[Collection entries]
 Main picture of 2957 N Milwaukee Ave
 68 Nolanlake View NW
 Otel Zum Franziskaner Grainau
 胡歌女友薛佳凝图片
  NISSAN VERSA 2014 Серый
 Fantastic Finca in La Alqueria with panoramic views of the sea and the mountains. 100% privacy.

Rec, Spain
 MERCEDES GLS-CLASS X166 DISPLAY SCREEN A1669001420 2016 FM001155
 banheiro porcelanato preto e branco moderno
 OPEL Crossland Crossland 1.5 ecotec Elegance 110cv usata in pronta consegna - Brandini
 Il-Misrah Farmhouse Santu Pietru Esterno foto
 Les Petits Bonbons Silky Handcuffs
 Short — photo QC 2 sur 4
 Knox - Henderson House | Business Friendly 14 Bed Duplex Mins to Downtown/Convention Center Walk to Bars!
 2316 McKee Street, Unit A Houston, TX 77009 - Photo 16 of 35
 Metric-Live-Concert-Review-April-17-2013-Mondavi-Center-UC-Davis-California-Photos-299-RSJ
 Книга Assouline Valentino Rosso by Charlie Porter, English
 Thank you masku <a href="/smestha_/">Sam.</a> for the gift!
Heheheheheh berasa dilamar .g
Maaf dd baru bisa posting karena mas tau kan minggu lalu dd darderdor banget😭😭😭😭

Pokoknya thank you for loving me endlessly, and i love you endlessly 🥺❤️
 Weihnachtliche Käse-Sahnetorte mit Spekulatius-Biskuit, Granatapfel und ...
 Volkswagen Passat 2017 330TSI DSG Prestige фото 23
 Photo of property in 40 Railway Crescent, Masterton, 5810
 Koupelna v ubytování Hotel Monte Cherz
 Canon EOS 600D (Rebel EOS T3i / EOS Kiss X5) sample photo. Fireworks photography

▶ _ACTIVITY_:
Take the entries above and transcribe them exactly as they stand.

▶ _ANSWER_:
 Main picture of 2957 N Milwaukee Ave
 68 Nolanlake View NW
 Otel Zum Franziskaner Grainau
 胡歌女友薛佳凝图片
  NISSAN VERSA 2014 Серый
 Fantastic Finca in La Alqueria with panoramic views of the sea and the mountains. 100% privacy.

Rec, Spain
 MERCEDES GLS-CLASS X166 DISPLAY SCREEN A1669001420 2016 FM001155
 banheiro porcelanato preto e branco moderno
 OPEL Crossland Crossland 1.5 ecotec Elegance 110cv usata in pronta consegna - Brandini
 Il-Misrah Farmhouse Santu Pietru Esterno foto
 Les Petits Bonbons Silky Handcuffs
 Short — photo QC 2 sur 4
 Knox - Henderson House | Business Friendly 14 Bed Duplex Mins to Downtown/Convention Center Walk to Bars!
 2316 McKee Street, Unit A Houston, TX 77009 - Photo 16 of 35
 Metric-Live-Concert-Review-April-17-2013-Mondavi-Center-UC-Davis-California-Photos-299-RSJ
 Книга Assouline Valentino Rosso by Charlie Porter, English
 Thank you masku <a href="/smestha_/">Sam.</a> for the gift!
Heheheheheh berasa dilamar .g
Maaf dd baru bisa posting karena mas tau kan minggu lalu dd darderdor banget😭😭😭😭

Pokoknya thank you for loving me endlessly, and i love you endlessly 🥺❤️
 Weihnachtliche Käse-Sahnetorte mit Spekulatius-Biskuit, Granatapfel und ...
 Volkswagen Passat 2017 330TSI DSG Prestige фото 23
 Photo of property in 40 Railway Crescent, Masterton, 5810
 Koupelna v ubytování Hotel Monte Cherz
 Canon EOS 600D (Rebel EOS T3i / EOS Kiss X5) sample photo. Fireworks photography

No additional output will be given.